From playing wheelchair tennis with President Macron when Paris was a candidate city to being part of the Athletes’ Commission, Jereamiasz has big hopes for the impact of Paris 2024, when wheelchair tennis is set to be staged at Roland Garros.
“The media is a big a part of raising the profile and we need to do that more and more. We saw how things were in London in 2012 in terms of the profile, the TV coverage and the marketing campaigns and that’s what I’m inspired by and that’s what I want to happen (for Paris 2024),” he says.
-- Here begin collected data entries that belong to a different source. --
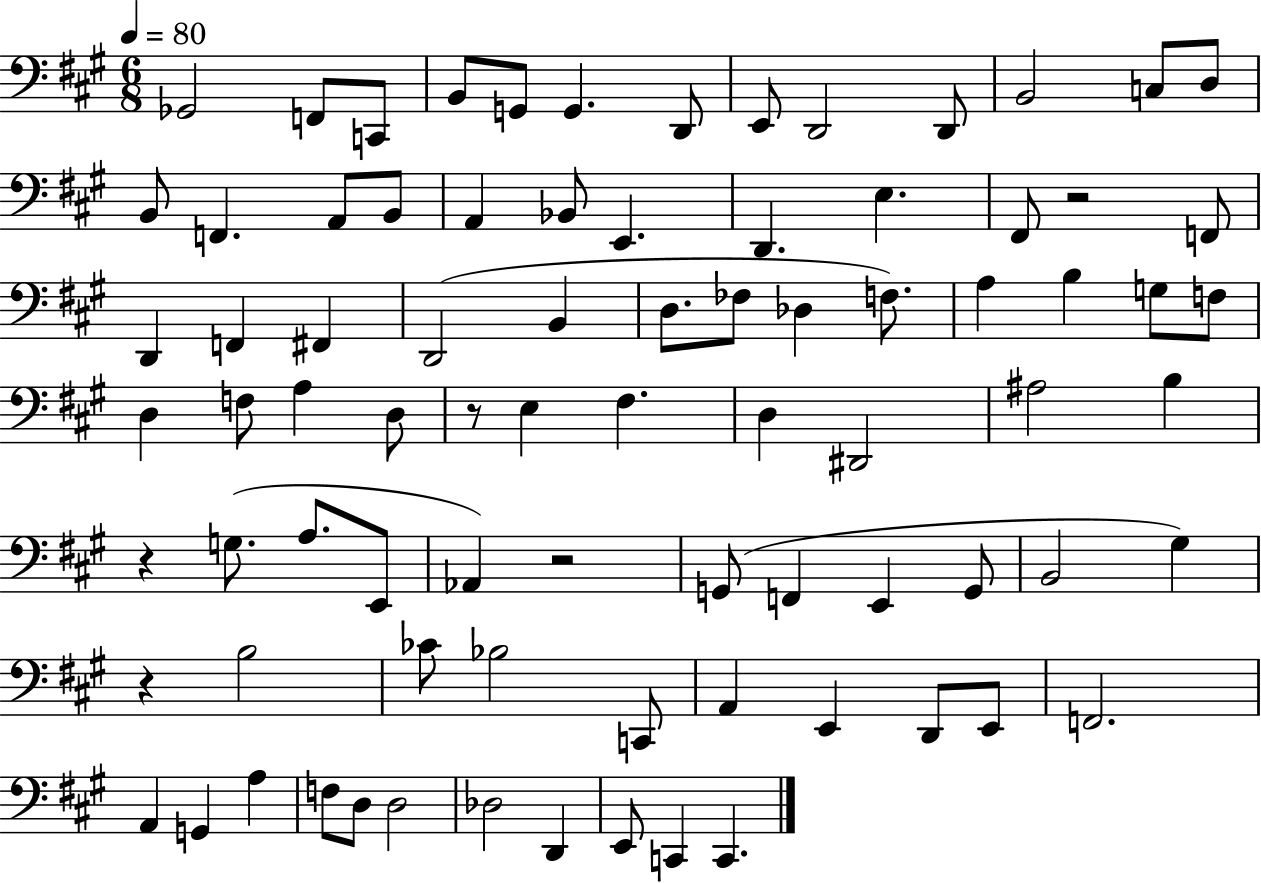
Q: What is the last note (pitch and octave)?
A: C2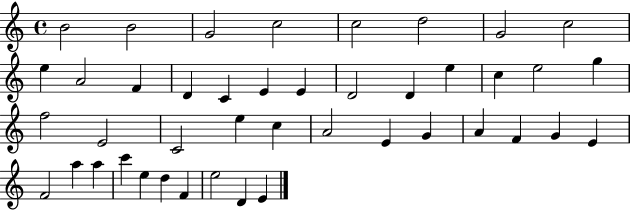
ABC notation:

X:1
T:Untitled
M:4/4
L:1/4
K:C
B2 B2 G2 c2 c2 d2 G2 c2 e A2 F D C E E D2 D e c e2 g f2 E2 C2 e c A2 E G A F G E F2 a a c' e d F e2 D E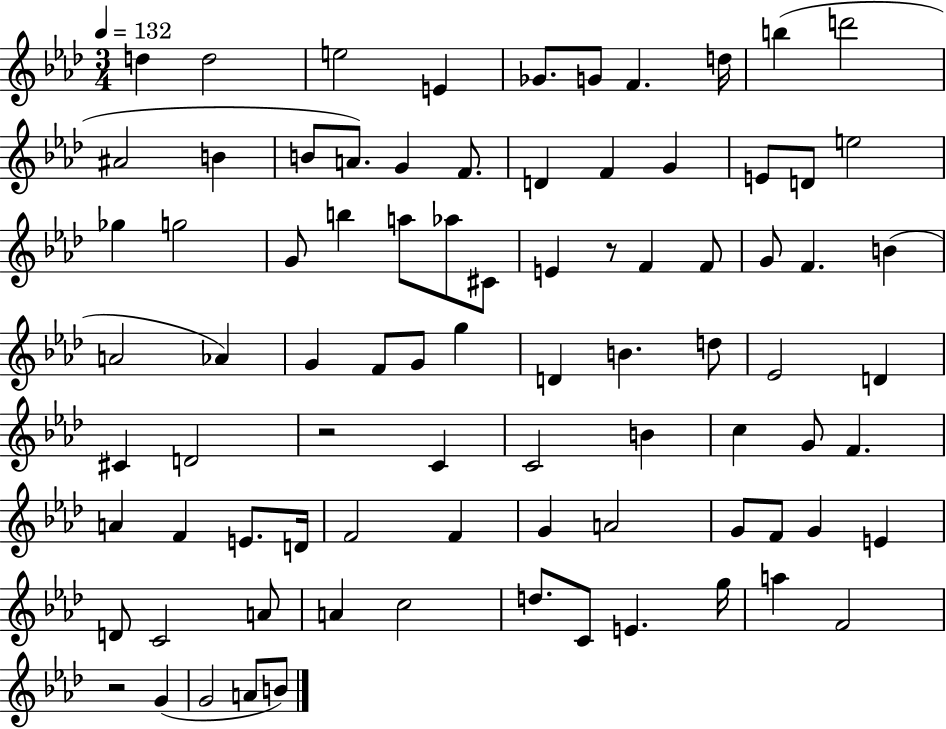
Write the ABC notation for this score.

X:1
T:Untitled
M:3/4
L:1/4
K:Ab
d d2 e2 E _G/2 G/2 F d/4 b d'2 ^A2 B B/2 A/2 G F/2 D F G E/2 D/2 e2 _g g2 G/2 b a/2 _a/2 ^C/2 E z/2 F F/2 G/2 F B A2 _A G F/2 G/2 g D B d/2 _E2 D ^C D2 z2 C C2 B c G/2 F A F E/2 D/4 F2 F G A2 G/2 F/2 G E D/2 C2 A/2 A c2 d/2 C/2 E g/4 a F2 z2 G G2 A/2 B/2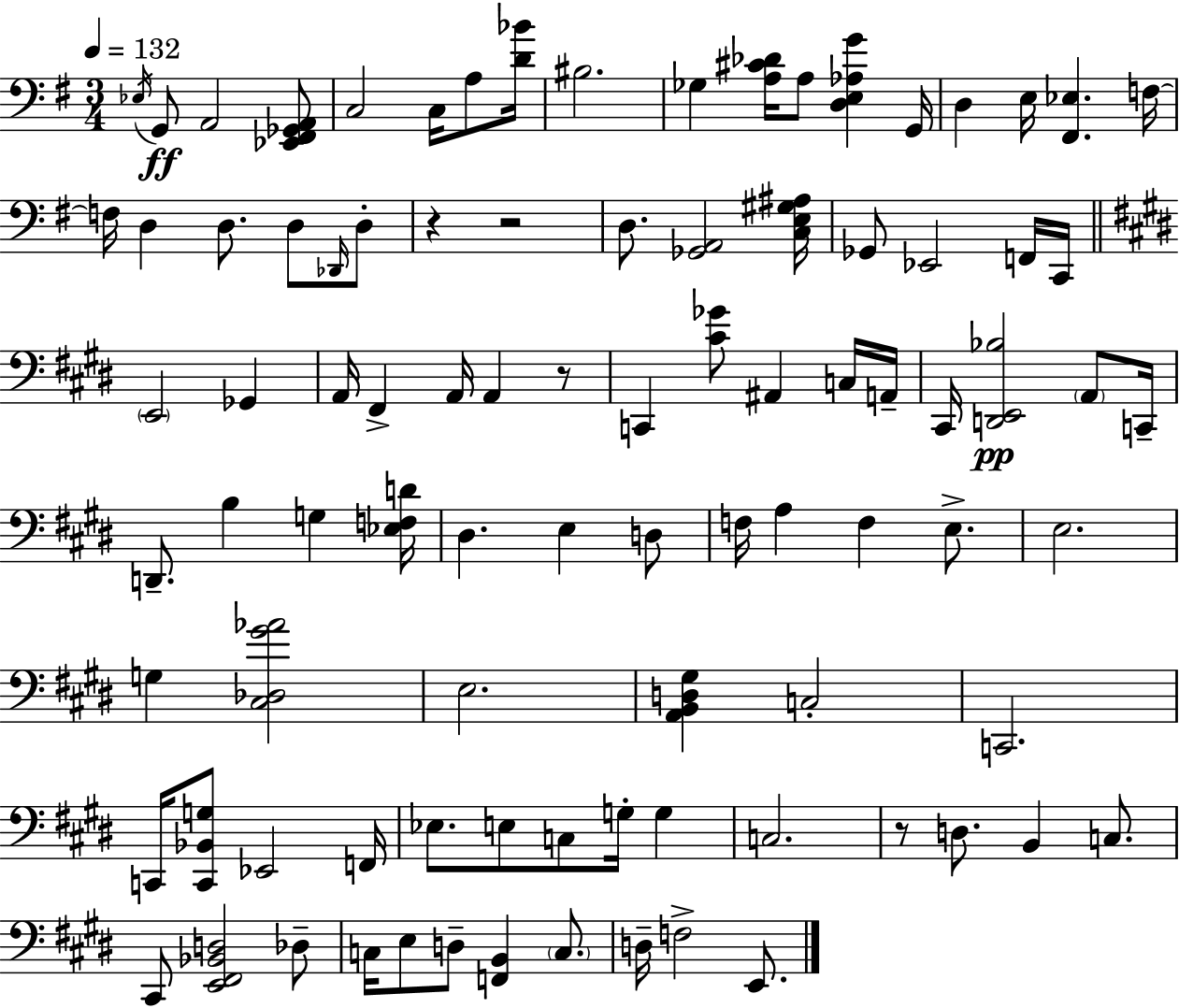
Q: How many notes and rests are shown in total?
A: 92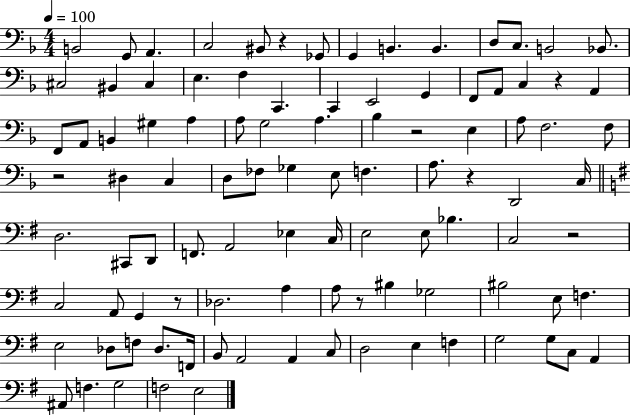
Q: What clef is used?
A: bass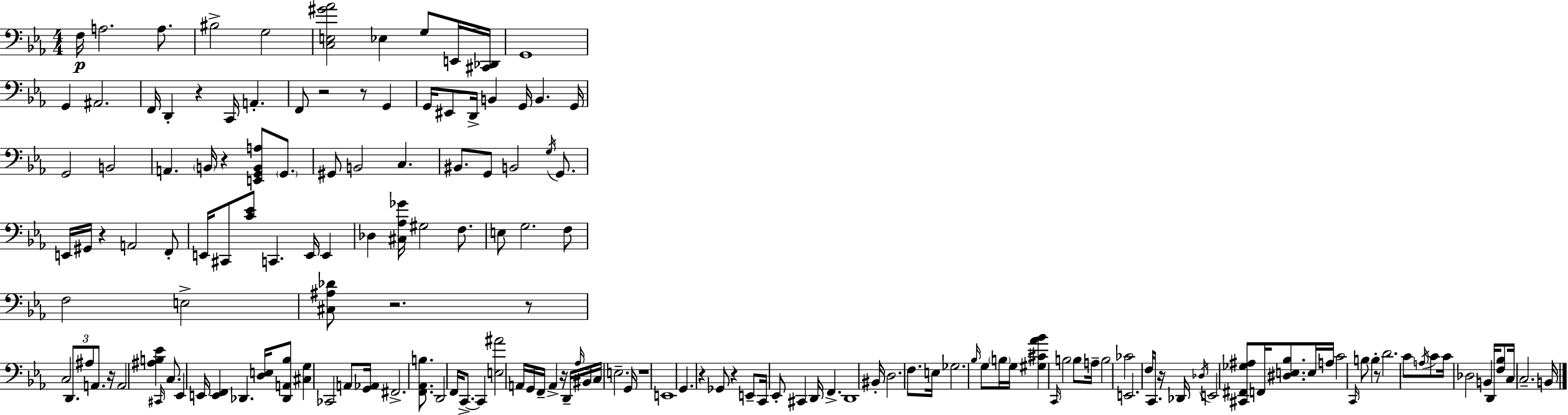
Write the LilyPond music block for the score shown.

{
  \clef bass
  \numericTimeSignature
  \time 4/4
  \key c \minor
  f16\p a2. a8. | bis2-> g2 | <c e gis' aes'>2 ees4 g8 e,16 <cis, des,>16 | g,1 | \break g,4 ais,2. | f,16 d,4-. r4 c,16 a,4.-. | f,8 r2 r8 g,4 | g,16 eis,8 d,16-> b,4 g,16 b,4. g,16 | \break g,2 b,2 | a,4. \parenthesize b,16 r4 <e, g, b, a>8 \parenthesize g,8. | gis,8 b,2 c4. | bis,8. g,8 b,2 \acciaccatura { g16 } g,8. | \break e,16 gis,16 r4 a,2 f,8-. | e,16 cis,8 <c' ees'>8 c,4. e,16 e,4 | des4 <cis aes ges'>16 gis2 f8. | e8 g2. f8 | \break f2 e2-> | <cis ais des'>8 r2. r8 | c2 \tuplet 3/2 { d,8. ais8 a,8. } | r16 a,2 <ais b ees'>4 \grace { cis,16 } c8. | \break ees,4 e,16 <e, f,>4 des,4. | <d e>16 <des, a, bes>8 <cis g>4 ces,2 | a,8 <g, aes,>16 fis,2.-> <f, aes, b>8. | d,2 f,16 c,8.->~~ c,4 | \break <e ais'>2 a,16 g,16 f,16-- a,4-> | r16 d,16-- \grace { aes16 } bis,16 c16 e2.-- | g,16 r1 | e,1 | \break g,4. r4 ges,8 r4 | e,8-- c,16 ees,8-. cis,4 d,16 f,4.-> | d,1 | bis,16-. d2. | \break f8. e16 ges2. | \grace { bes16 } g8 \parenthesize b16 g16 <gis cis' aes' bes'>4 \grace { c,16 } b2 | b8 a16-- b2 ces'2 | e,2. | \break f16 c,8. r16 des,16 \acciaccatura { des16 } e,2 | <cis, fis, ges ais>8 f,16 <dis e bes>8. e16 a16 c'2 | \grace { c,16 } b8 b4-. r8 d'2. | c'8 \acciaccatura { a16 } c'8 c'16 des2 | \break b,4 d,16 <f bes>8 c16 c2.-- | b,16 \bar "|."
}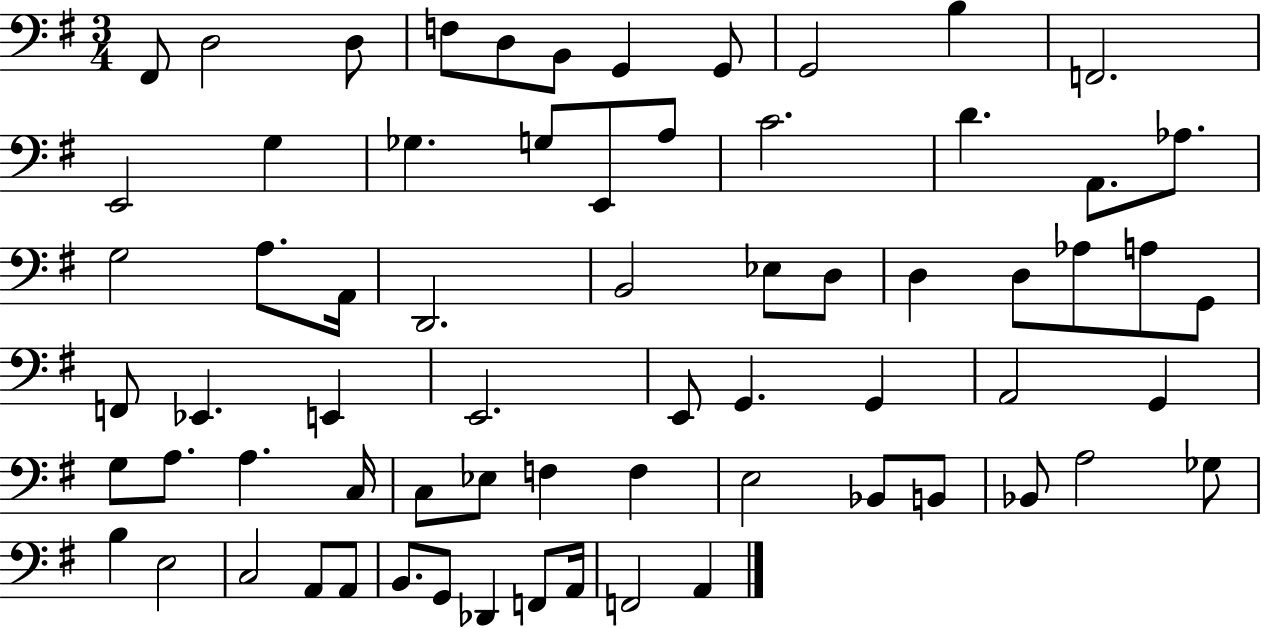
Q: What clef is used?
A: bass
In 2012, Jeremiasz, his wife Carolyn and brother Jonathan set up the charity ‘Comme Les Autres’, (Like The Others), which aims to give newly-injured disabled people the chance to experience a range of activities and sports as a tool to building self-confidence and rediscovering their place in society.
A TV documentary about the organisation drew millions of viewers in France earlier this year and Jeremiasz enjoys experiencing as many new adventures as possible. He now has an Iron Man (triathlon) planned for July next year after the original event was cancelled this summer. However, there is no chance of him coming out of retirement to play wheelchair tennis at Paris 2024.
“Last year I had a hip replacement, a bit like Andy Murray,” he says. “I’ve not played much at all the last few years. Maybe just two or three times, playing with my sons. I could play very passively now, but I couldn’t play matches like I used to because of the limitations in my leg. I do believe I could still have the skills, but I wouldn’t want to travel and be far away from my family.
“I enjoy my life much more today. Yes, you get the adrenaline of winning a match or a competition, but that’s why I am training for an Iron Man. That is my next sporting challenge.”